W Chile od 4 dni trwają protesty społeczne. Niezadowolenie z powodu podwyżek cen biletów na metro w stolicy Santiago szybko przerodziło się w szerzej zakrojone demonstracje przeciwko nierównościom dochodowym, niskim emeryturom, jakości opieki zdrowotnej czy edukacji.

Protesty w weekend kosztowały życie 11 osób, a ok. 1.500 demonstrantów zostało aresztowanych. Prezydent Chile Sebastian Pinera wprowadził w kraju stan nadzwyczajny i wezwał na pomoc wojsko.

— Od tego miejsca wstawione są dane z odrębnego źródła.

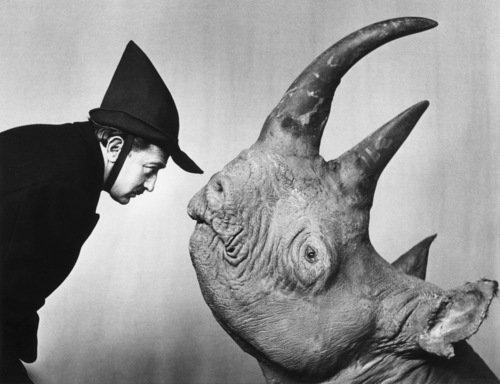 [rhino%255B4%255D.jpg]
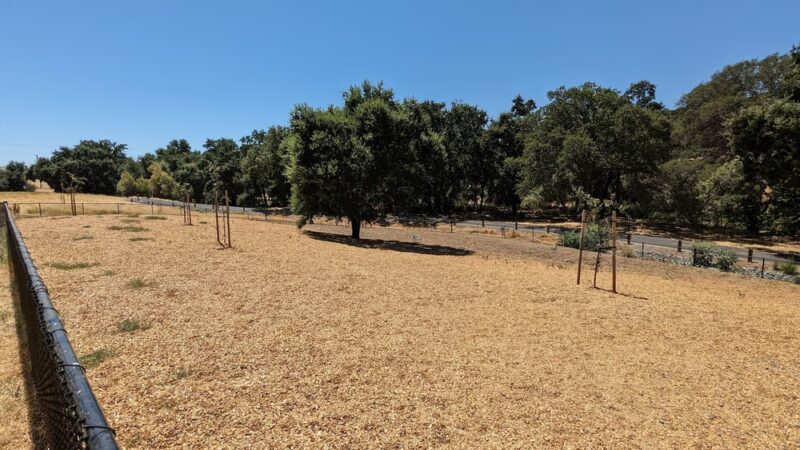Apollo Dog Park - Roseville, CA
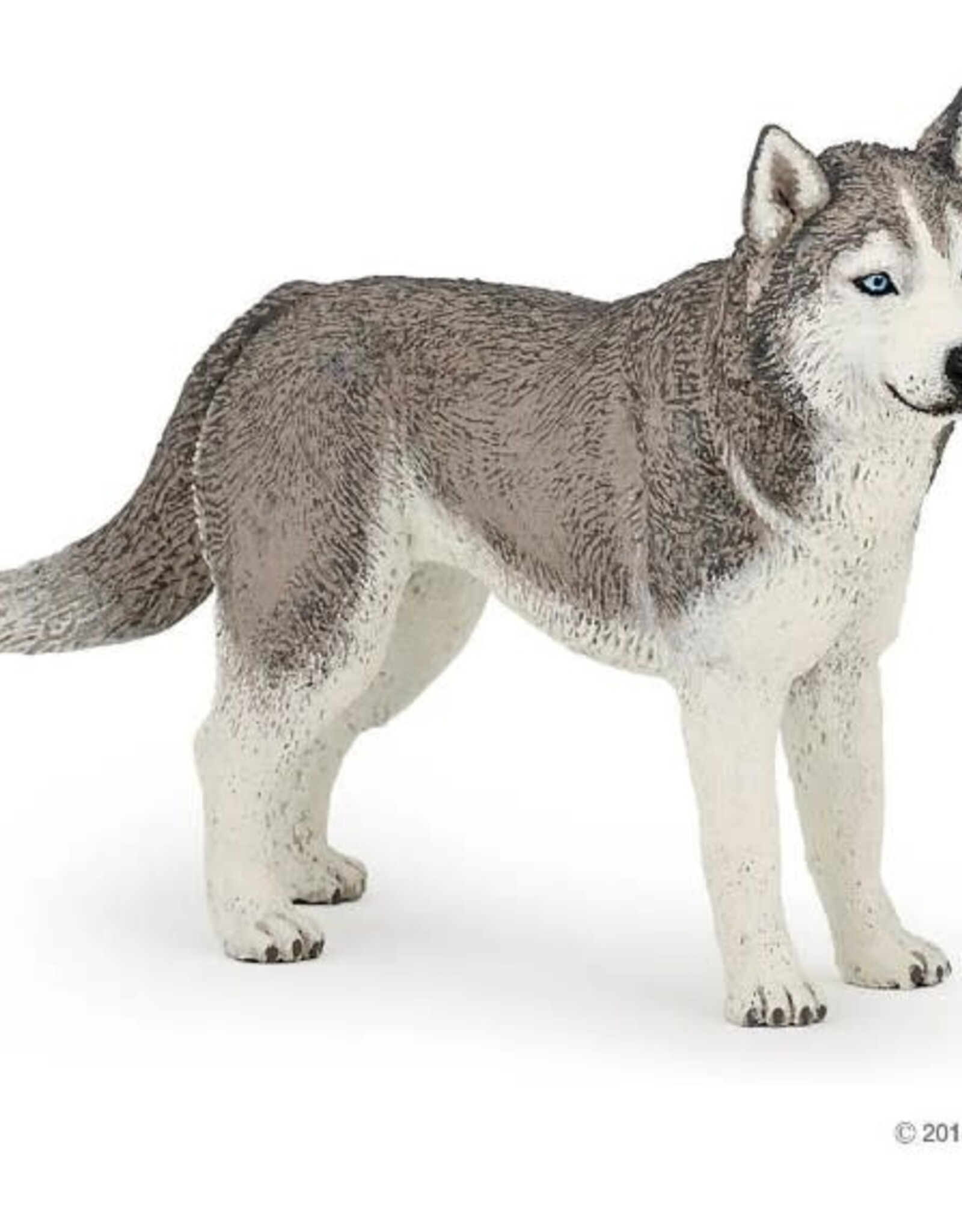 Papo PAPO SIBERIAN HUSKY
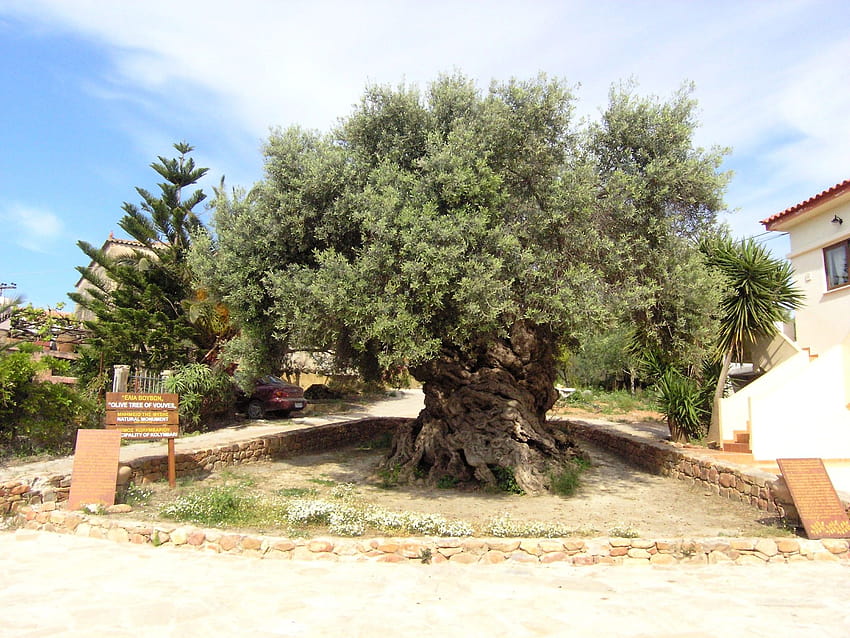 10 Olive Tree HD wallpaper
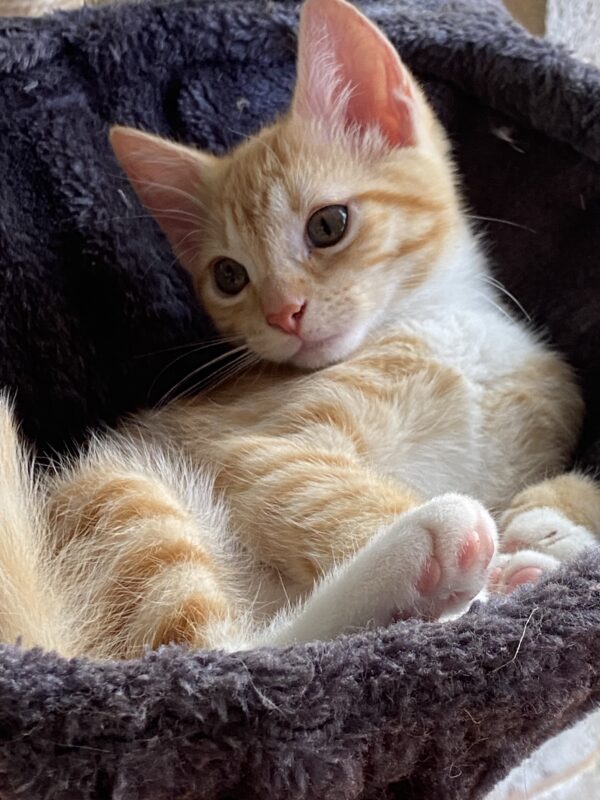 Saoirse - very playful and independant - Image 2
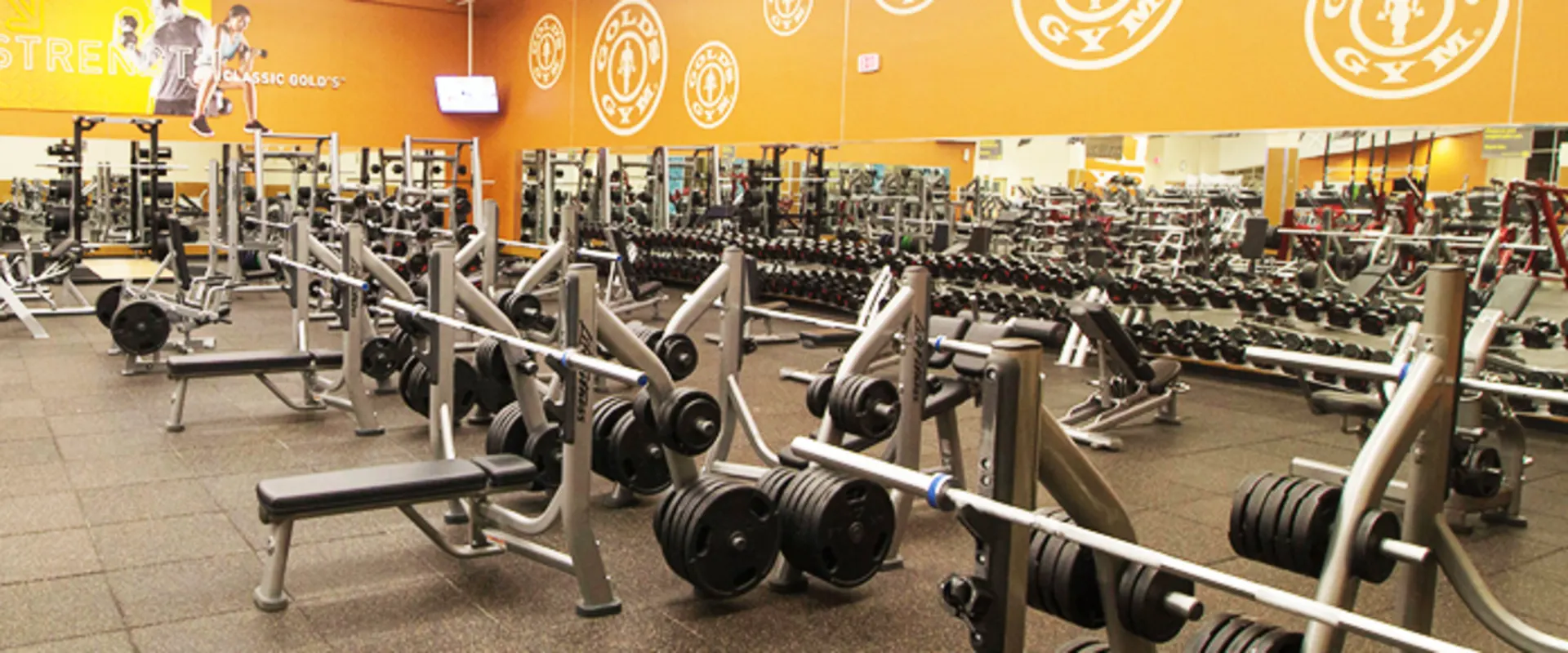 Gold’s Gym San Antonio Bulverde (Gold Level)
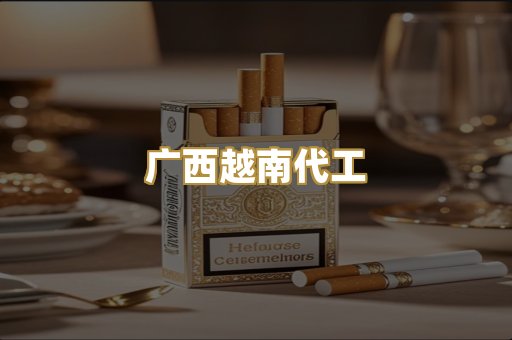 广西越南代工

Protesty zaczynają powoli dotykać światowy rynek miedzi. Pracownicy największej na świecie kopalni tego surowca - Escondida - zaplanowali a wtorek 10-godzinny strajk ostrzegawczy w ramach solidaryzacji z protestującą częścią społeczeństwa.

"Nie możemy pozostać obojętni na ruchy społeczne" - powiedział Patricio Tapia, prezes głównego związku zawodowego w Escondida, która odpowiada za 1/3 światowego wydobycia miedzi.

Gdyby protesty w chilijskich odkrywkach przedłużyły się rynek miedzi mógłby wejść deficyt.

Analitycy Morgan Stanley prognozują, że w 2020 r. cena miedzi wzrośnie do 6.454 USD/t, o ok. 11 proc. więcej niż obecnie. Ich zdaniem, globalny popyt na miedź w przyszłym roku będzie rósł w tempie 1,9 proc. rdr i o 1 pkt. proc. przewyższy wzrost podaży.

To może być dopiero początek strajku w chilijskim górnictwie. Branżowe organizacje wzywają do strajku generalnego, który miałby odbyć się już w najbliższą środę.

Nawet gdyby kopalnie pracowały bez zakłóceń, byłyby problemy z wywiezieniem urobku z kraju.

Większość chilijskich portów wstrzymała w poniedziałek pracę, w tym huby przeładunkowe miedzi Iquique, Tocopilla, Antofagasta, Chanaral i Ventanas.

Podczas poprzedniej sesji miedź na LME zwyżkowała o 22 USD, czyli 0,4 proc., do 5.828 USD za tonę.